=== The task ===
In the records that follow, the lines from the one containing "Ugandan social worker and young woman" to the one containing "vintage dishes &", inclusive, are to be given again exactly.

=== Data for analysis ===

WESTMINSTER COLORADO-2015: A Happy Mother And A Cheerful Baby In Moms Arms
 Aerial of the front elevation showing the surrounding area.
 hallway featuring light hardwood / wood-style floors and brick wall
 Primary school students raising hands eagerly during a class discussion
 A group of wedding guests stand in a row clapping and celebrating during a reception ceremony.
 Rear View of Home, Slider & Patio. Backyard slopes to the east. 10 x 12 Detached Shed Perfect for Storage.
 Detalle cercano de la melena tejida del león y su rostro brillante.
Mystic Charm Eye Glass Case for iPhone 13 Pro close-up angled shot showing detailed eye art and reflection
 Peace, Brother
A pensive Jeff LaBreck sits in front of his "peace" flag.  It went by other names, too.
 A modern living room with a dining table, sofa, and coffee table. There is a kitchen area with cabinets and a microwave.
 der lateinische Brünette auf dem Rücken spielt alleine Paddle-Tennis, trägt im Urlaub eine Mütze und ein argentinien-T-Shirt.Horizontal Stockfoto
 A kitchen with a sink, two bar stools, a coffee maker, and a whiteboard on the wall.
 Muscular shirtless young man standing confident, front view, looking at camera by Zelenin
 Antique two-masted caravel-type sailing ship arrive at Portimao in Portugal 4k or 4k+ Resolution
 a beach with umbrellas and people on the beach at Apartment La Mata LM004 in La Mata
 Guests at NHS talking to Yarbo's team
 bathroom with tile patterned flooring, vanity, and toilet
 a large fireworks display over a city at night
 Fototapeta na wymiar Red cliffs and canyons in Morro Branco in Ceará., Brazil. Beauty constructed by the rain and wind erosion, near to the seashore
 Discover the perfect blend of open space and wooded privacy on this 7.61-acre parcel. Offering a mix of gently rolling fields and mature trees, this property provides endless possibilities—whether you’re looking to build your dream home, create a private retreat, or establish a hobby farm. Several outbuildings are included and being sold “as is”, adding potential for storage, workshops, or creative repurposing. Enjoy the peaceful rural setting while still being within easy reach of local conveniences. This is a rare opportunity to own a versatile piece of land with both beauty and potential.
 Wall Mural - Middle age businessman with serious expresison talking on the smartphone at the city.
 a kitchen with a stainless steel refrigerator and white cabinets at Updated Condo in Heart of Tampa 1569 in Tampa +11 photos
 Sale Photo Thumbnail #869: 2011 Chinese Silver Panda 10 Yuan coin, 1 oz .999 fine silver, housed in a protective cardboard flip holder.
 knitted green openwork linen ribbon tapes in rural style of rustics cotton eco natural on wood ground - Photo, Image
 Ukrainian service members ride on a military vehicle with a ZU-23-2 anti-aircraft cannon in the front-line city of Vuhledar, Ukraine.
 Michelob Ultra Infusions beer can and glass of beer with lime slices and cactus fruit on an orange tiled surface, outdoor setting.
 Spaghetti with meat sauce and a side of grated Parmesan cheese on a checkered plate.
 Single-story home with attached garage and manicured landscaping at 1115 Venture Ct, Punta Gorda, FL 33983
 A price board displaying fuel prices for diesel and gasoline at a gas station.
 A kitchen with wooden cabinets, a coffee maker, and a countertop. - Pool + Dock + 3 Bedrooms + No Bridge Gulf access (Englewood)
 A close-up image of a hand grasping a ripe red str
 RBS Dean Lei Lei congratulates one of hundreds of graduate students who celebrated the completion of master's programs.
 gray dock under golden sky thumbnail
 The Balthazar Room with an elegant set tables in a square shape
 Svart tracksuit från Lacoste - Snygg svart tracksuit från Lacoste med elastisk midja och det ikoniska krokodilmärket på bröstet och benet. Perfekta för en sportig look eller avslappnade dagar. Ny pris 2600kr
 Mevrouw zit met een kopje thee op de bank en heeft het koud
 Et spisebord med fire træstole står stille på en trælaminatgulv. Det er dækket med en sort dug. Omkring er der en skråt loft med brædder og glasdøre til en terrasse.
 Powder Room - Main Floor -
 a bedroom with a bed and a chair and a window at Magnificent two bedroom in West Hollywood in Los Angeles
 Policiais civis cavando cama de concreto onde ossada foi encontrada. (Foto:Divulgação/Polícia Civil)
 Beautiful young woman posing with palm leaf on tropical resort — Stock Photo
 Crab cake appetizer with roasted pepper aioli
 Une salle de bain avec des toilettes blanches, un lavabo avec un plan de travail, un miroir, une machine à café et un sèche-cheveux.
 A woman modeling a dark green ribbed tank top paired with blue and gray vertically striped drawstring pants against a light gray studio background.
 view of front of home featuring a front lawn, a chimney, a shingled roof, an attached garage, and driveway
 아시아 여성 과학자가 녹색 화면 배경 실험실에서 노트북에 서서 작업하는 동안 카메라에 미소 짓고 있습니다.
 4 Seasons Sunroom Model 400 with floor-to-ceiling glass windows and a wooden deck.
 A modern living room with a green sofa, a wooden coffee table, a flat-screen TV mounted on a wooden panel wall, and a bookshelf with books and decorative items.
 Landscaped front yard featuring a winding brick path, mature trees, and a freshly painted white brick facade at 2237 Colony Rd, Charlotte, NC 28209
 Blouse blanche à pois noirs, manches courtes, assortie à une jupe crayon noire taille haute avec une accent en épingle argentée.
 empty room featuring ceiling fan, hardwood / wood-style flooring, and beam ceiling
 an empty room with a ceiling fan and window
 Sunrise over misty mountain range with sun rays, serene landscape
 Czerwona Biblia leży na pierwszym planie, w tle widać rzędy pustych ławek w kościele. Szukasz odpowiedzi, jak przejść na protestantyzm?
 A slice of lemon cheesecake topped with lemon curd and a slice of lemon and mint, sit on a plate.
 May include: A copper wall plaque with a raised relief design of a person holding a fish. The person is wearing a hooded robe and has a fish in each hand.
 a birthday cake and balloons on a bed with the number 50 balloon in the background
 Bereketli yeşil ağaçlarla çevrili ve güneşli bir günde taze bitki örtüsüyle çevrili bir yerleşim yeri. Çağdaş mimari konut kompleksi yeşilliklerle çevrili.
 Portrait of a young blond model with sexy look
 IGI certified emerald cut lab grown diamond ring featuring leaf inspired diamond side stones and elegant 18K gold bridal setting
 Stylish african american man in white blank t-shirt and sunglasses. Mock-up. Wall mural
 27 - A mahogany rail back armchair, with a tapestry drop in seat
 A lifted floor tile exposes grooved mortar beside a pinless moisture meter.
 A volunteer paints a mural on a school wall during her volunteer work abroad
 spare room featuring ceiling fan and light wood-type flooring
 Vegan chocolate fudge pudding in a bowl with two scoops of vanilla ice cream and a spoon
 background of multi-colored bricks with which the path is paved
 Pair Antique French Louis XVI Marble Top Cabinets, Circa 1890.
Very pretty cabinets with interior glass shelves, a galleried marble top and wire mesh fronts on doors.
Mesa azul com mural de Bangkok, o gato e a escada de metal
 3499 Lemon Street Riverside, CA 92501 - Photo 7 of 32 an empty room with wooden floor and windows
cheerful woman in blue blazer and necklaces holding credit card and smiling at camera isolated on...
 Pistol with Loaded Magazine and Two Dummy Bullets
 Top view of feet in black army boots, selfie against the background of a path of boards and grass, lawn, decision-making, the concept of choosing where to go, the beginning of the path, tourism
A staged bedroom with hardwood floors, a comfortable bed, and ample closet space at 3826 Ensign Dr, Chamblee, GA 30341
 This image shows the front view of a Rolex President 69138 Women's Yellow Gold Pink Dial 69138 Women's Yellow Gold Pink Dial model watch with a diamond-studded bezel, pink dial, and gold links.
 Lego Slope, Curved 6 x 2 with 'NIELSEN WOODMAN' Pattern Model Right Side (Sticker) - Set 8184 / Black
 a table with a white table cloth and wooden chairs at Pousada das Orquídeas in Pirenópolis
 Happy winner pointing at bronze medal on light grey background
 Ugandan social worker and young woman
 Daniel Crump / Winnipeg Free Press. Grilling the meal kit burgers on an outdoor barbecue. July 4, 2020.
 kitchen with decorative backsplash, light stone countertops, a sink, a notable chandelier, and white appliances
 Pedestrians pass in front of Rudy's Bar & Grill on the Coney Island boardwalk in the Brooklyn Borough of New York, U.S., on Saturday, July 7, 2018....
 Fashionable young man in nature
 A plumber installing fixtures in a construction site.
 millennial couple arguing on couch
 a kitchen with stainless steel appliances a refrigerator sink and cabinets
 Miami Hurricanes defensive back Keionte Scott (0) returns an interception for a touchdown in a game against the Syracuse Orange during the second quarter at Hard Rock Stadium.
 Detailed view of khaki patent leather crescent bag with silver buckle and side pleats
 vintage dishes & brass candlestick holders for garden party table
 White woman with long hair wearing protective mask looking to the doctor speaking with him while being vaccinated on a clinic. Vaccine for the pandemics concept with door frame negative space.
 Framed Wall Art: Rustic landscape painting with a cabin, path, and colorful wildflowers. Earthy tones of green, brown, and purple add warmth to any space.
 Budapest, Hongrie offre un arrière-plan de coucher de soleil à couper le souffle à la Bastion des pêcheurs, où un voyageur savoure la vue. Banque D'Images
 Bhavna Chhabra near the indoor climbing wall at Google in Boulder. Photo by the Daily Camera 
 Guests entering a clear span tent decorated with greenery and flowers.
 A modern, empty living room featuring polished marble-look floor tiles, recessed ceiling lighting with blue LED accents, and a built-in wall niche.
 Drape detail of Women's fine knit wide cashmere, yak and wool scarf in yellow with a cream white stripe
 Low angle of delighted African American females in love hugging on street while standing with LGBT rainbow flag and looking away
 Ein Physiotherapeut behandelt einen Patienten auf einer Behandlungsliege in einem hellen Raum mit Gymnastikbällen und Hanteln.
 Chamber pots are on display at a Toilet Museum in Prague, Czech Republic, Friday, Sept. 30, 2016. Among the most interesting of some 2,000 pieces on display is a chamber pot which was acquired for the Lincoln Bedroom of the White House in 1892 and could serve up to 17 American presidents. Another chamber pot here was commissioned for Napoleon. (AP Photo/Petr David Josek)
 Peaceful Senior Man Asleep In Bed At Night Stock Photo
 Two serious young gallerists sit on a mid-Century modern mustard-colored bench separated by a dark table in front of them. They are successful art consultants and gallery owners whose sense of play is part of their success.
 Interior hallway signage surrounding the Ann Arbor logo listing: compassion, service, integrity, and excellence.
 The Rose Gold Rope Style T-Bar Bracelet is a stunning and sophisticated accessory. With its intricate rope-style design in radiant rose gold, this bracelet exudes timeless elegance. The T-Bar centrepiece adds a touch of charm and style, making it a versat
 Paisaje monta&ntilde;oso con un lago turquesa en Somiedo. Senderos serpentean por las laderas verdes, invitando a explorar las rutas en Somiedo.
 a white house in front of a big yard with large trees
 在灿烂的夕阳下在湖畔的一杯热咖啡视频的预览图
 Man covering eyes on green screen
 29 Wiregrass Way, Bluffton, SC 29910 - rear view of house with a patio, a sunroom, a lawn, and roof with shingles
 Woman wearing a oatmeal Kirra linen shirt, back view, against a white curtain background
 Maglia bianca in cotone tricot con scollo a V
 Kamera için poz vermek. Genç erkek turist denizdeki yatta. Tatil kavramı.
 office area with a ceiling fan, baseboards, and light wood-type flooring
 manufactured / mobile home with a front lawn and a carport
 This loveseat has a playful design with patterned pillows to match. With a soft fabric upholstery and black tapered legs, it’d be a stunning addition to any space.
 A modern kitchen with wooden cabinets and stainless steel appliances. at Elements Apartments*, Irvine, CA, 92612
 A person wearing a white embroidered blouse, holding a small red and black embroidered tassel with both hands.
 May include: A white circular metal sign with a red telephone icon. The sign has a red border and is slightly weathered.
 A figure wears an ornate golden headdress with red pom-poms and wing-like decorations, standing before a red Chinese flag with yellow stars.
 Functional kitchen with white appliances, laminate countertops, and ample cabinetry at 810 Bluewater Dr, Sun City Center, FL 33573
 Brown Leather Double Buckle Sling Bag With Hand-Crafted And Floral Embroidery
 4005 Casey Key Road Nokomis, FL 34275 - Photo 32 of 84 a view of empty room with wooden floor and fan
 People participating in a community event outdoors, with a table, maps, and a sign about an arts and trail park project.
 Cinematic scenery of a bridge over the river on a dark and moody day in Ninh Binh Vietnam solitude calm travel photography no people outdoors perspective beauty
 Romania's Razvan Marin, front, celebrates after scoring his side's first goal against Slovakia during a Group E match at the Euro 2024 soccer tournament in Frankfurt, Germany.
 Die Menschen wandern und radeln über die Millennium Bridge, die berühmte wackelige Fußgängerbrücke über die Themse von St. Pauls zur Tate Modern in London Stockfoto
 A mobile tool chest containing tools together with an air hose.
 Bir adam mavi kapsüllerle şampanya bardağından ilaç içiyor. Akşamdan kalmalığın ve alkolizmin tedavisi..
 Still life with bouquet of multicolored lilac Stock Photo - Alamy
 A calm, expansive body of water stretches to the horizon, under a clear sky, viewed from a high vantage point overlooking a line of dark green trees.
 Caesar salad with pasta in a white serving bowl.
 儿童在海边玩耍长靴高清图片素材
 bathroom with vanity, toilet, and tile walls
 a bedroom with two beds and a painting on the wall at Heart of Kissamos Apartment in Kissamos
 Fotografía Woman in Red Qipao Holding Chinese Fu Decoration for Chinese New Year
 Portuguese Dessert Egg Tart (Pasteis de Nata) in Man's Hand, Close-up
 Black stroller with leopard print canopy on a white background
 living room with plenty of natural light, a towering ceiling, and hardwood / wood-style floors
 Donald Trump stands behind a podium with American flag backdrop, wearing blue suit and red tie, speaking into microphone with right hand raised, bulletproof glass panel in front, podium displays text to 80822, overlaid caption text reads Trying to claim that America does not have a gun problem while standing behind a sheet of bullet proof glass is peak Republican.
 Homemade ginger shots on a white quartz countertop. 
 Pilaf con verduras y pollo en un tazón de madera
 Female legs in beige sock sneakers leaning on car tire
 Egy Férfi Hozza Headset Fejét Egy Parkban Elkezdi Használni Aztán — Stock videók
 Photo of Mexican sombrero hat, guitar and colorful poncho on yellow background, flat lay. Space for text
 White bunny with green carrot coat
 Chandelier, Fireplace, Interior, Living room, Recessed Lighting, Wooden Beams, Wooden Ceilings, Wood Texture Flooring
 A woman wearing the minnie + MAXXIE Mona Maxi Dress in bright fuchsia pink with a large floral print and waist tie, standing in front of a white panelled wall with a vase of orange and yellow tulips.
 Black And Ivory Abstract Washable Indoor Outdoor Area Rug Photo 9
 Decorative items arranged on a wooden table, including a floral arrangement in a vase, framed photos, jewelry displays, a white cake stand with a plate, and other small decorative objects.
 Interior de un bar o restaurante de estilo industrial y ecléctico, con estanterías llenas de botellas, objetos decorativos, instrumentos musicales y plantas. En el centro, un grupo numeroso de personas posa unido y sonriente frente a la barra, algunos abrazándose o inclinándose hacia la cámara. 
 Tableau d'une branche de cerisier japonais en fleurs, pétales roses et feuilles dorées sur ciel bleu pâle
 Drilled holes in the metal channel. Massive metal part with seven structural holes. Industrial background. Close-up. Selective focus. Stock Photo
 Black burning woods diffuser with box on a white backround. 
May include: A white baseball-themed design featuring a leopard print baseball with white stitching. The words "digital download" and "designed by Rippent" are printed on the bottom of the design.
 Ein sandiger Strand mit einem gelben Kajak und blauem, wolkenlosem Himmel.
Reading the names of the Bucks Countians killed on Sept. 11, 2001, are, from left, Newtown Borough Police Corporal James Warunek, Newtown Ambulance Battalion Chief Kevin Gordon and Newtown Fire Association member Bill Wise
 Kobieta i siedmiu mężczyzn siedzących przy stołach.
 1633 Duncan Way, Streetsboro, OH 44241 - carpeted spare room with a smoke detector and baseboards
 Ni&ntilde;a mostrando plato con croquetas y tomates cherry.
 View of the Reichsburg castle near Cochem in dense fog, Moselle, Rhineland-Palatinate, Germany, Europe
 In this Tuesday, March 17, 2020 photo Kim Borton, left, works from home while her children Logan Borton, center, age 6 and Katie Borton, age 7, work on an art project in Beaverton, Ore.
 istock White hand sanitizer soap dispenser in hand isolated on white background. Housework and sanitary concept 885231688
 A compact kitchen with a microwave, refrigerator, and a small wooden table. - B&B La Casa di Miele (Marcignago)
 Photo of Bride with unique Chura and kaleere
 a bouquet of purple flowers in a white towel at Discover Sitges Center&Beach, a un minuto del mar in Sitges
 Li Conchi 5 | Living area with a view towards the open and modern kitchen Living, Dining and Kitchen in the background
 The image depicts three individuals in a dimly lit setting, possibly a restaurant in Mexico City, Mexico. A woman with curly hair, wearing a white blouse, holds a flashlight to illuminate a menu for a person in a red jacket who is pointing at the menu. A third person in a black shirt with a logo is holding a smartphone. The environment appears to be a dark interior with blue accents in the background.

=== Task result ===
 Ugandan social worker and young woman
 Daniel Crump / Winnipeg Free Press. Grilling the meal kit burgers on an outdoor barbecue. July 4, 2020.
 kitchen with decorative backsplash, light stone countertops, a sink, a notable chandelier, and white appliances
 Pedestrians pass in front of Rudy's Bar & Grill on the Coney Island boardwalk in the Brooklyn Borough of New York, U.S., on Saturday, July 7, 2018....
 Fashionable young man in nature
 A plumber installing fixtures in a construction site.
 millennial couple arguing on couch
 a kitchen with stainless steel appliances a refrigerator sink and cabinets
 Miami Hurricanes defensive back Keionte Scott (0) returns an interception for a touchdown in a game against the Syracuse Orange during the second quarter at Hard Rock Stadium.
 Detailed view of khaki patent leather crescent bag with silver buckle and side pleats
 vintage dishes & brass candlestick holders for garden party table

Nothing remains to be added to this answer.